Blog Post

Can Facebook or Twitter Spin Off the Next Hadoop?

Stay on Top of Enterprise Technology Trends

Get updates impacting your industry from our GigaOm Research Community
Join the Community!

Like most people, I suspect, I wasn’t too surprised to find out that Hadoop-focused startup Karmasphere has secured a $5 million initial funding round. After all, if Hadoop catches on like the evidence suggests it will, Karmasphere’s desktop-based Hadoop-management tools could pay off investors many times over. In some ways, though, the fact that Hadoop is mature enough to inspire commercial products means it’s yesterday’s news. Now, I’m wondering, which open-source, big-data-inspired product will be the next to launch a wave of startups and drive tens of millions in VC spending?

Big data has narrowed the gap between the needs of bleeding-edge web companies, their offspring and even traditional businesses. Hadoop has caught on across industry boundaries as an analytics tool for unstructured data sets, and it seems logical that other web-based tools will catch on in other parts of the data layer. In my weekly column over at GigaOM Pro (sub req’d) today, I took a look at the potential for Cassandra, which grew out of Facebook, and Gizzard, Twitter’s ill-named big-data baby.

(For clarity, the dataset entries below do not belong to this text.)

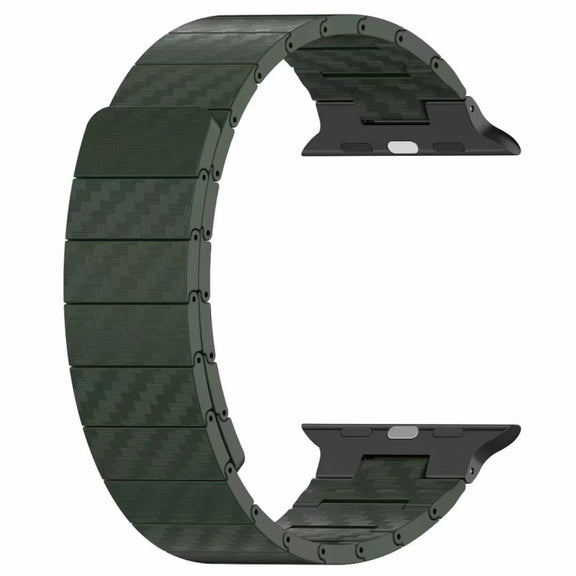 For Apple Watch Series 9 41mm Carbon Fiber Magnetic Loop Watch Band(Official Green)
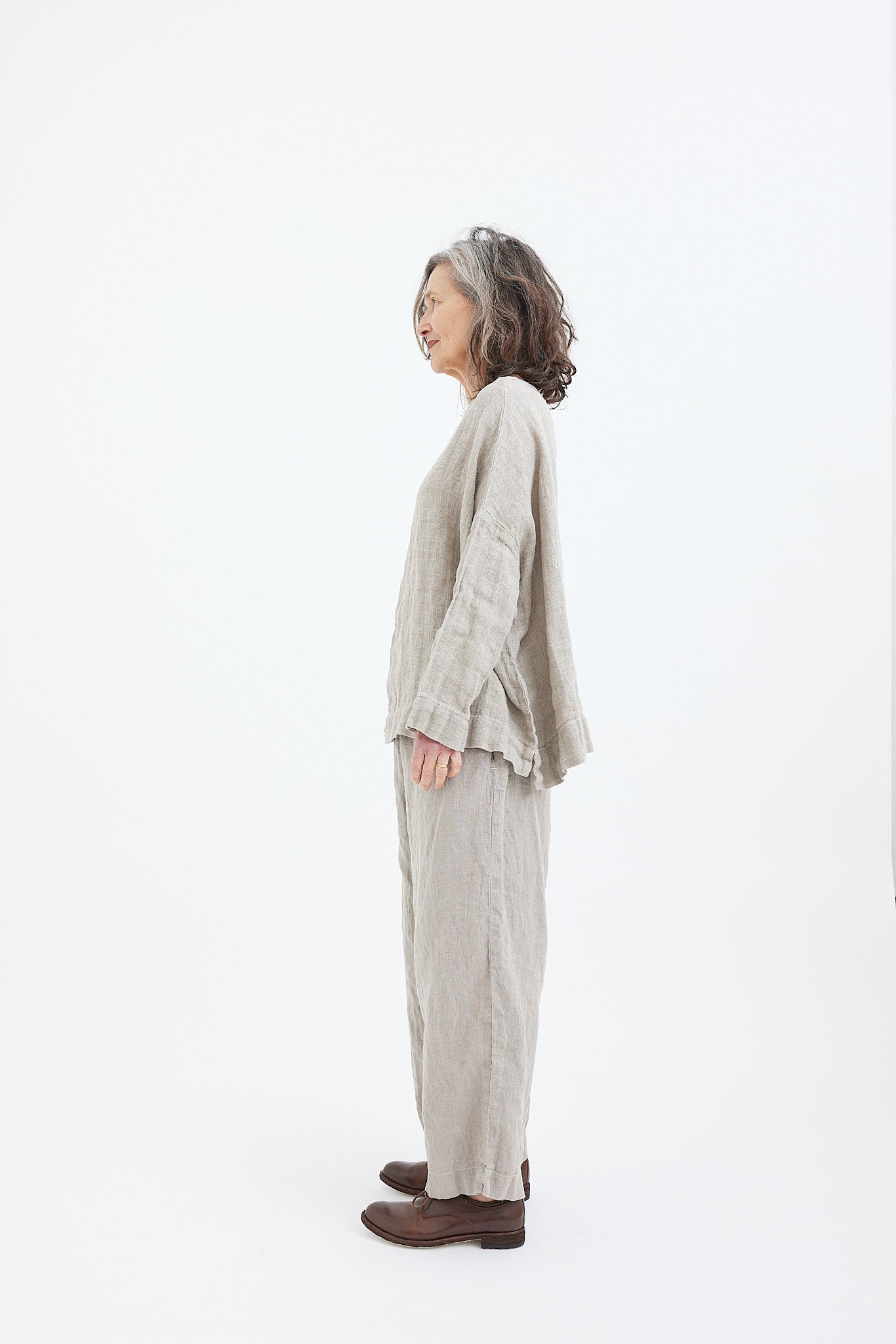 Sailor Boxy Top - Natural Gauze Linen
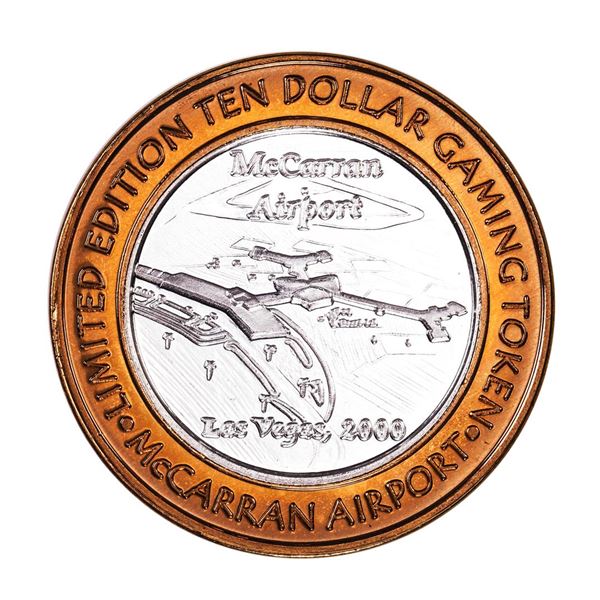 .999 Silver McCarran International Airport $10 Casino Limited Edition Gaming Token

Given its growing popularity and expanding functionality, Cassandra right now seems like a prime candidate. Rackspace has taken over its development reins, and its found varied applications within Digg, Twitter, Reddit, Cloudkick and Cisco to name a few. This diversity illustrates Cassandra’s versatility; it’s not just for the social media crowd. Furthermore, Cassandra graduated to a top-level Apache project in February, signifying the quality of the work done on it thus far and, most likely, a groundswell of new developers.

Twitter’s newly open-sourced Gizzard tool seems to have promise, as well. By eliminating some pain from the often difficult sharding process, Gizzard makes it easier to build and manage distributed data stores that can handle ultra-high query volumes without getting bogged down. Like Google, Yahoo and Facebook before it, Twitter has played a role in evolving how we use the web, and software developed within its walls should be a hot commodity for present and future Twitter-inspired sites and products.

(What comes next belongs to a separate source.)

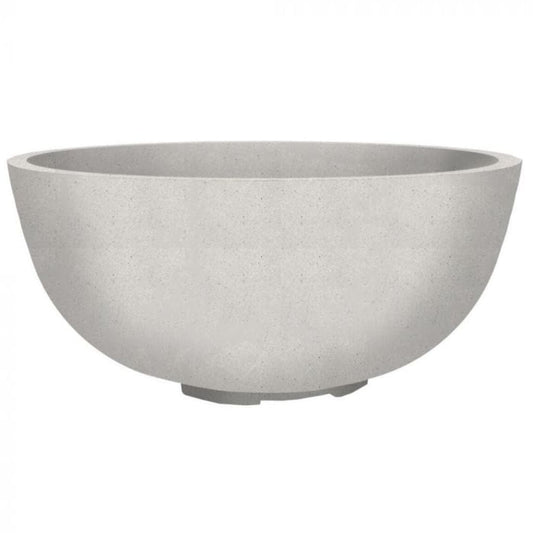 Prism Hardscapes Moderno 1 39" Ultra White Round Concrete Natural Gas Fire Pit Bowl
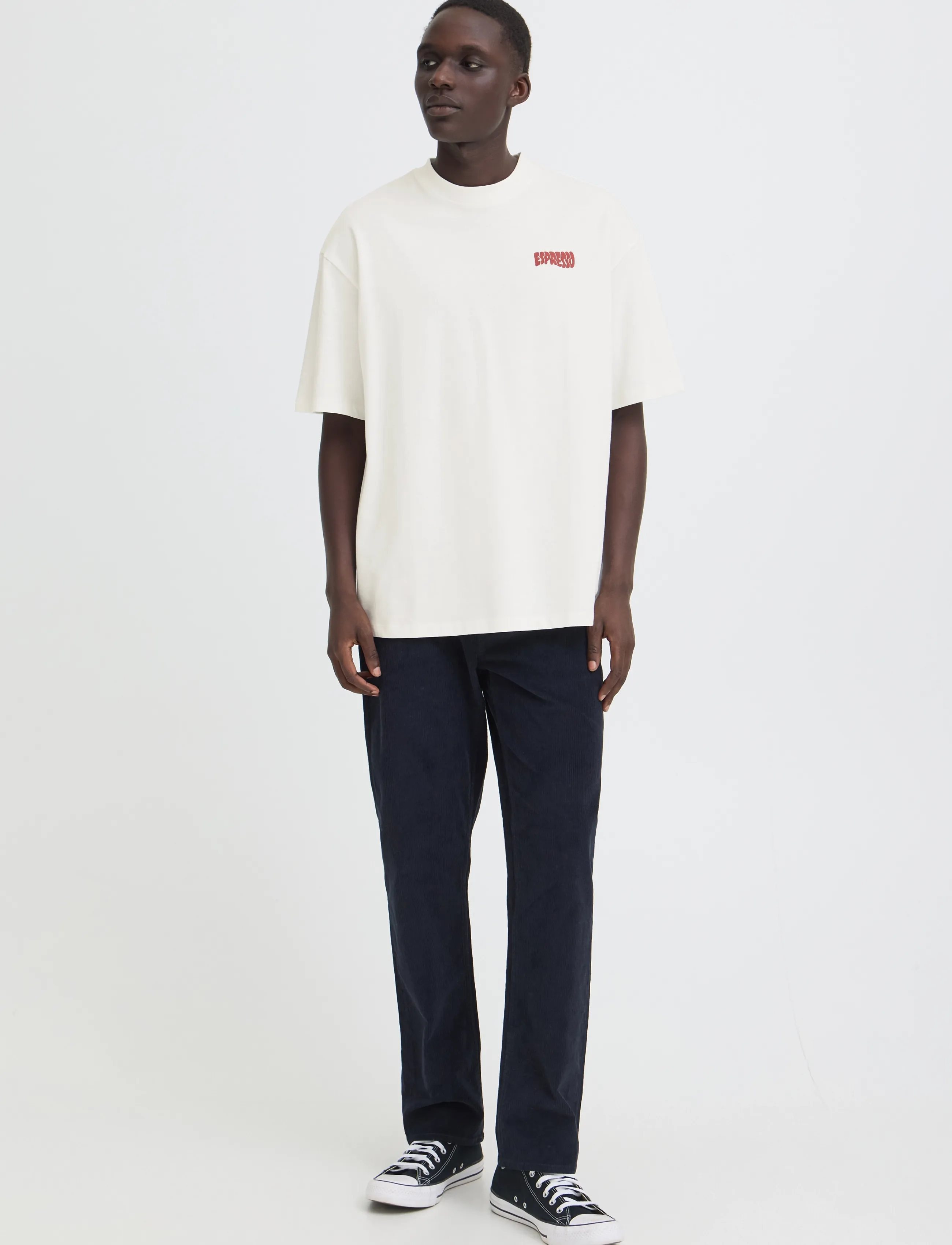 Blend BHKEEGAN S/S GRAPHIC TEE - Tøj - SNOW WHITE / white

Which do you think will take off?

Read the full article here.

Photo courtesy Flickr user zzzack

7 Responses to “Can Facebook or Twitter Spin Off the Next Hadoop?”

  1. Sorry, don’t call me stupid, but your article is not very easy to understand! OK, I stop exagerating (I quite got it in fact), but here’s the point I’m trying to make: Think about someone who’s just familiar with Facebook, Digg, Twitter and maybe Cisco digging into your article. They’ll try to figure out the meaning of all this by going through names like Hadoop, Reddit, Cloudkick, Gizzard, Karmasphere and Apache server. It would only make Cassandra more obscure in their mind. Believe me! We need a SIMPLE definiion (in 1 phrase) of the followings: 1) What is Hadoop? 2)How does this concept apply to Facebook and Twitter?

  2. Even if Hadoop does “catch on like the evidence suggest it will” (debatable), will investors really make much money on this? Hadoop is free and super-niche. You think there’s a big market for paid tools or support?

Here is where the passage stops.